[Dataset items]
----------
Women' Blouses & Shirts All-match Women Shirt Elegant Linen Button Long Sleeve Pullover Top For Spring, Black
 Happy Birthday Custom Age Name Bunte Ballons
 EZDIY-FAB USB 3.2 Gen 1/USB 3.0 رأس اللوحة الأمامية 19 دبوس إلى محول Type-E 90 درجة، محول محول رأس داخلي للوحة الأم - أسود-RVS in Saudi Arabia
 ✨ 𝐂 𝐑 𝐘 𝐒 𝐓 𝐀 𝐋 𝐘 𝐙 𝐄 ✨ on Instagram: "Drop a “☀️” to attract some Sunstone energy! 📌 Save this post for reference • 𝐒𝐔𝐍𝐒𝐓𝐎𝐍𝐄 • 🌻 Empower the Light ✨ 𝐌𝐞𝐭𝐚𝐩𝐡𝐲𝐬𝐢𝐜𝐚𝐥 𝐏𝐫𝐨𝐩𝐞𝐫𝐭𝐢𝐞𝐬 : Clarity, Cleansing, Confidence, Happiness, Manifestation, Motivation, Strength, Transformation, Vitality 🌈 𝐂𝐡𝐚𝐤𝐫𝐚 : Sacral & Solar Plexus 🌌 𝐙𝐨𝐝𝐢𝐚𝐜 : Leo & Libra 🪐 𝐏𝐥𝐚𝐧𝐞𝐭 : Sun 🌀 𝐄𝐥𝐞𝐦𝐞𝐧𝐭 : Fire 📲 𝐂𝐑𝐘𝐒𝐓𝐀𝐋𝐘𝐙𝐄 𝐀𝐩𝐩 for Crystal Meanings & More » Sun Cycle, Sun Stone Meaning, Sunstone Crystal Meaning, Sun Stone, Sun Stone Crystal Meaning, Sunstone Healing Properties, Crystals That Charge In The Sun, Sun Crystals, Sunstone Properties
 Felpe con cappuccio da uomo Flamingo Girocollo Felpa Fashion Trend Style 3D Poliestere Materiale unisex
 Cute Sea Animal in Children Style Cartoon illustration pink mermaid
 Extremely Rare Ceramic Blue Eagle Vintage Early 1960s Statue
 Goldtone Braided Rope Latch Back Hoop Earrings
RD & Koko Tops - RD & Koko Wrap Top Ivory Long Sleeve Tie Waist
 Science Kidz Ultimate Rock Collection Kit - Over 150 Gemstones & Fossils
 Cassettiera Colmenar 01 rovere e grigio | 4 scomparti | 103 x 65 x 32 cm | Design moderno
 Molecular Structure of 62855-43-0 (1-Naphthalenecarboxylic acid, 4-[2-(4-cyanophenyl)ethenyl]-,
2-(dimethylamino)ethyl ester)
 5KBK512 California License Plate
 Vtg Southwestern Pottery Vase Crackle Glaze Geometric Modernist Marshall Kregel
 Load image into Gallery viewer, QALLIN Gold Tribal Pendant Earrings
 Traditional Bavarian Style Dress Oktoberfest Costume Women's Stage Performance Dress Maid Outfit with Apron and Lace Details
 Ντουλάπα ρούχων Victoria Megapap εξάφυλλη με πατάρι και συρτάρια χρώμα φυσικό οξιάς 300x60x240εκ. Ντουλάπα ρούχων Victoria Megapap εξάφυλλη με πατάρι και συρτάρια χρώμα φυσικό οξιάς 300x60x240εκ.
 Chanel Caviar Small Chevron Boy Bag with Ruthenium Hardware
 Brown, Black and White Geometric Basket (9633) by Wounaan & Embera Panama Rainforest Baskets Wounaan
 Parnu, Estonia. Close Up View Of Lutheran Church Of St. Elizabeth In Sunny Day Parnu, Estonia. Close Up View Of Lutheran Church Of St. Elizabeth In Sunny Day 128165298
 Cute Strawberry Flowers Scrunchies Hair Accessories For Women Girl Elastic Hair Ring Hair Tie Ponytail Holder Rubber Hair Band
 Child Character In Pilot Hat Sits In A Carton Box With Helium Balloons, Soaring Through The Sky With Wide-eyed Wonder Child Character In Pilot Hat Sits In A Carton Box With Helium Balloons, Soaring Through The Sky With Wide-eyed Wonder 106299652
----------
- Your objective: Lines from the top of the entries above to the line that contains "οξιάς 300x60x240εκ. Ντουλάπα" should be set down exactly, please, with both ends kept and nothing added.

- Exercise output:
Women' Blouses & Shirts All-match Women Shirt Elegant Linen Button Long Sleeve Pullover Top For Spring, Black
 Happy Birthday Custom Age Name Bunte Ballons
 EZDIY-FAB USB 3.2 Gen 1/USB 3.0 رأس اللوحة الأمامية 19 دبوس إلى محول Type-E 90 درجة، محول محول رأس داخلي للوحة الأم - أسود-RVS in Saudi Arabia
 ✨ 𝐂 𝐑 𝐘 𝐒 𝐓 𝐀 𝐋 𝐘 𝐙 𝐄 ✨ on Instagram: "Drop a “☀️” to attract some Sunstone energy! 📌 Save this post for reference • 𝐒𝐔𝐍𝐒𝐓𝐎𝐍𝐄 • 🌻 Empower the Light ✨ 𝐌𝐞𝐭𝐚𝐩𝐡𝐲𝐬𝐢𝐜𝐚𝐥 𝐏𝐫𝐨𝐩𝐞𝐫𝐭𝐢𝐞𝐬 : Clarity, Cleansing, Confidence, Happiness, Manifestation, Motivation, Strength, Transformation, Vitality 🌈 𝐂𝐡𝐚𝐤𝐫𝐚 : Sacral & Solar Plexus 🌌 𝐙𝐨𝐝𝐢𝐚𝐜 : Leo & Libra 🪐 𝐏𝐥𝐚𝐧𝐞𝐭 : Sun 🌀 𝐄𝐥𝐞𝐦𝐞𝐧𝐭 : Fire 📲 𝐂𝐑𝐘𝐒𝐓𝐀𝐋𝐘𝐙𝐄 𝐀𝐩𝐩 for Crystal Meanings & More » Sun Cycle, Sun Stone Meaning, Sunstone Crystal Meaning, Sun Stone, Sun Stone Crystal Meaning, Sunstone Healing Properties, Crystals That Charge In The Sun, Sun Crystals, Sunstone Properties
 Felpe con cappuccio da uomo Flamingo Girocollo Felpa Fashion Trend Style 3D Poliestere Materiale unisex
 Cute Sea Animal in Children Style Cartoon illustration pink mermaid
 Extremely Rare Ceramic Blue Eagle Vintage Early 1960s Statue
 Goldtone Braided Rope Latch Back Hoop Earrings
RD & Koko Tops - RD & Koko Wrap Top Ivory Long Sleeve Tie Waist
 Science Kidz Ultimate Rock Collection Kit - Over 150 Gemstones & Fossils
 Cassettiera Colmenar 01 rovere e grigio | 4 scomparti | 103 x 65 x 32 cm | Design moderno
 Molecular Structure of 62855-43-0 (1-Naphthalenecarboxylic acid, 4-[2-(4-cyanophenyl)ethenyl]-,
2-(dimethylamino)ethyl ester)
 5KBK512 California License Plate
 Vtg Southwestern Pottery Vase Crackle Glaze Geometric Modernist Marshall Kregel
 Load image into Gallery viewer, QALLIN Gold Tribal Pendant Earrings
 Traditional Bavarian Style Dress Oktoberfest Costume Women's Stage Performance Dress Maid Outfit with Apron and Lace Details
 Ντουλάπα ρούχων Victoria Megapap εξάφυλλη με πατάρι και συρτάρια χρώμα φυσικό οξιάς 300x60x240εκ. Ντουλάπα ρούχων Victoria Megapap εξάφυλλη με πατάρι και συρτάρια χρώμα φυσικό οξιάς 300x60x240εκ.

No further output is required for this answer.